#### Data shown
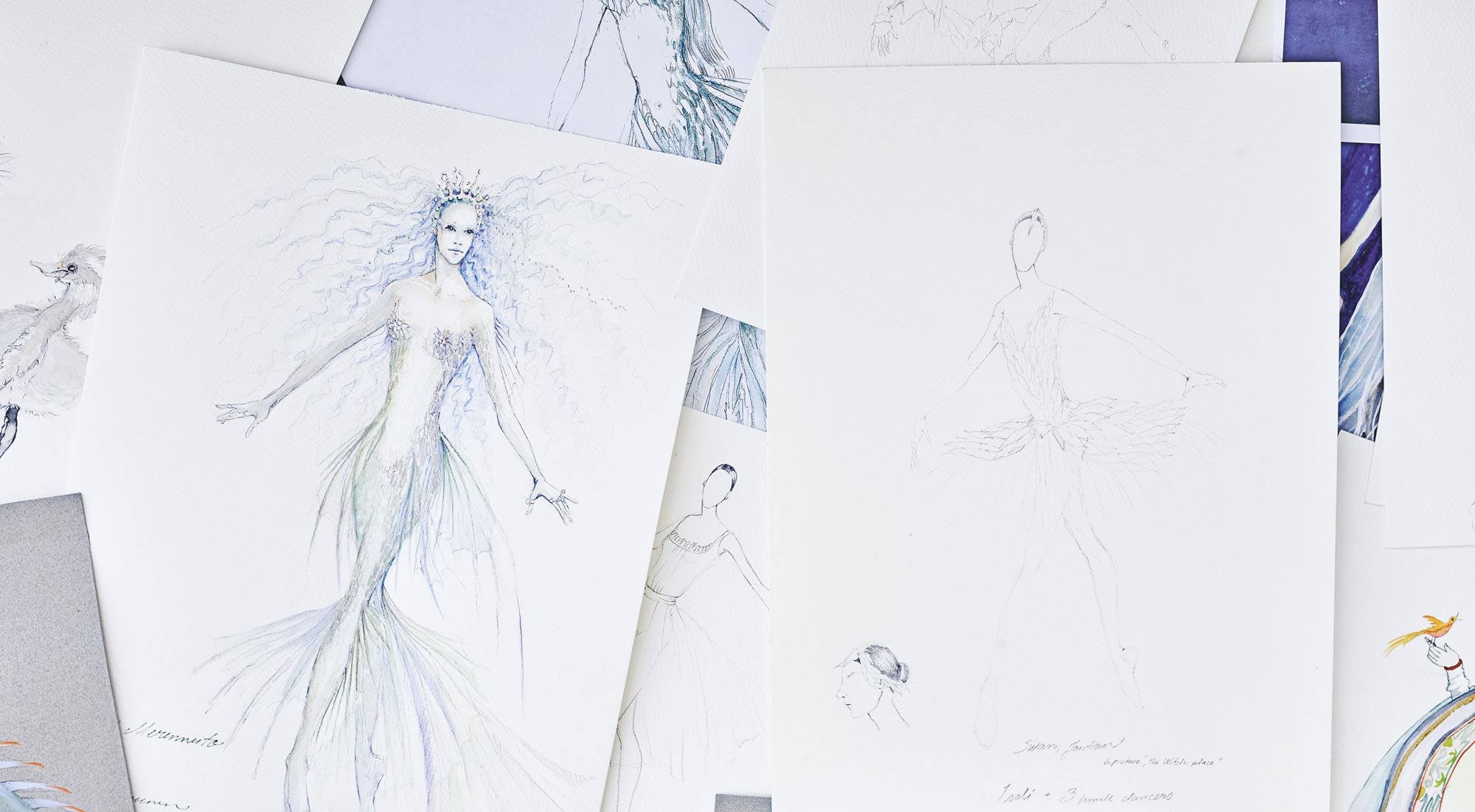 Agencyleroy Finnish National Opera Ballet 078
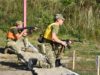 Курсанти Академії сухопутних військ перемогли на чемпіонаті ЗСУ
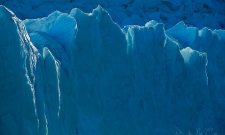 Glacial Goodnight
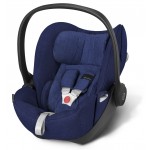 Cloud Q Plus - Infant Car Seat 2016 - Royal Blue - Cybex - BabyOnline HK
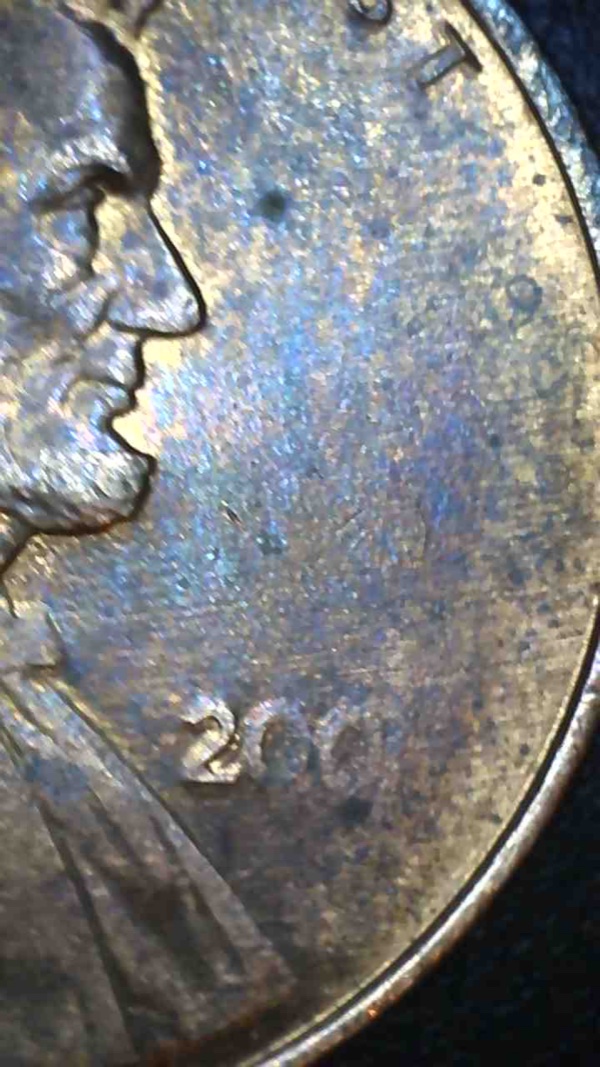 2001---Lincoln---Missing-A-Bunch-Of-Stuff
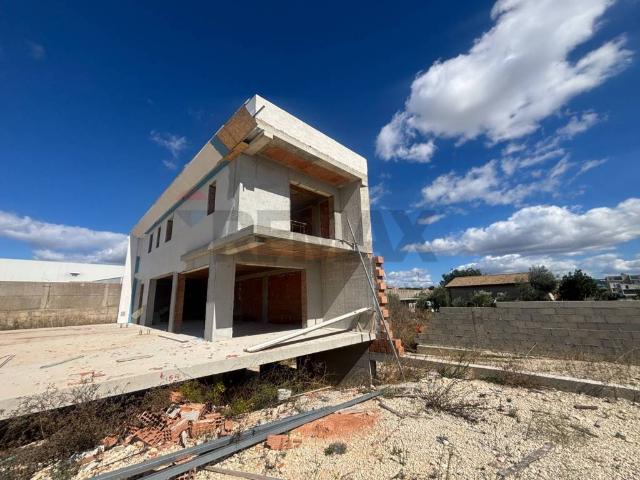 Villa Indipendente in vendita a Annunziata, Ragusa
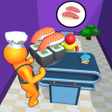 أيقونة البرنامج: My Restaurant Journey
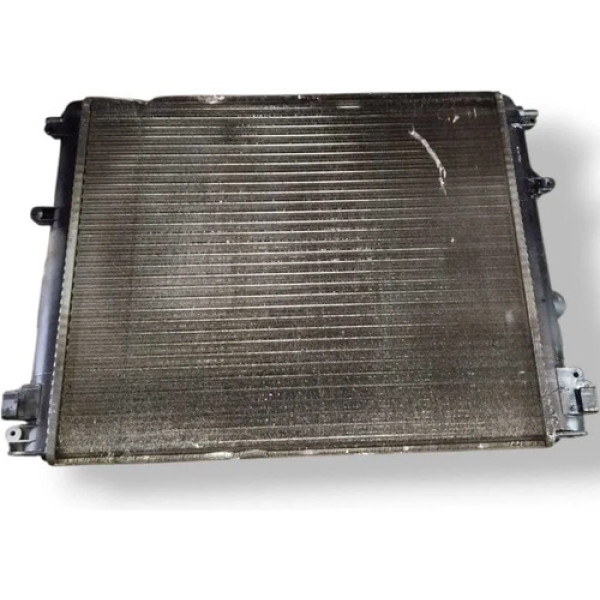 Radiador Água 1.6 Renault Clio 2007 2008 2009 8200033831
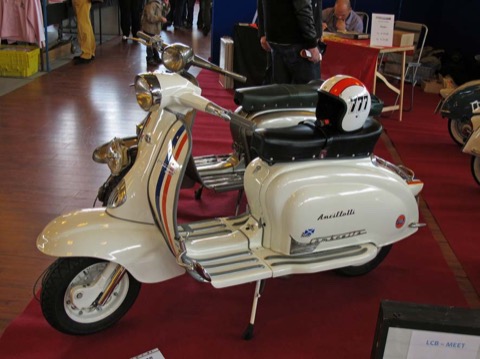 Customshow Antwerpen 2011 (Archivfund)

#### Work request
Leave the images out and print each entry exactly.

#### Result for this task
 Agencyleroy Finnish National Opera Ballet 078
 Курсанти Академії сухопутних військ перемогли на чемпіонаті ЗСУ
 Glacial Goodnight
 Cloud Q Plus - Infant Car Seat 2016 - Royal Blue - Cybex - BabyOnline HK
 2001---Lincoln---Missing-A-Bunch-Of-Stuff
 Villa Indipendente in vendita a Annunziata, Ragusa
 أيقونة البرنامج: My Restaurant Journey
 Radiador Água 1.6 Renault Clio 2007 2008 2009 8200033831
 Customshow Antwerpen 2011 (Archivfund)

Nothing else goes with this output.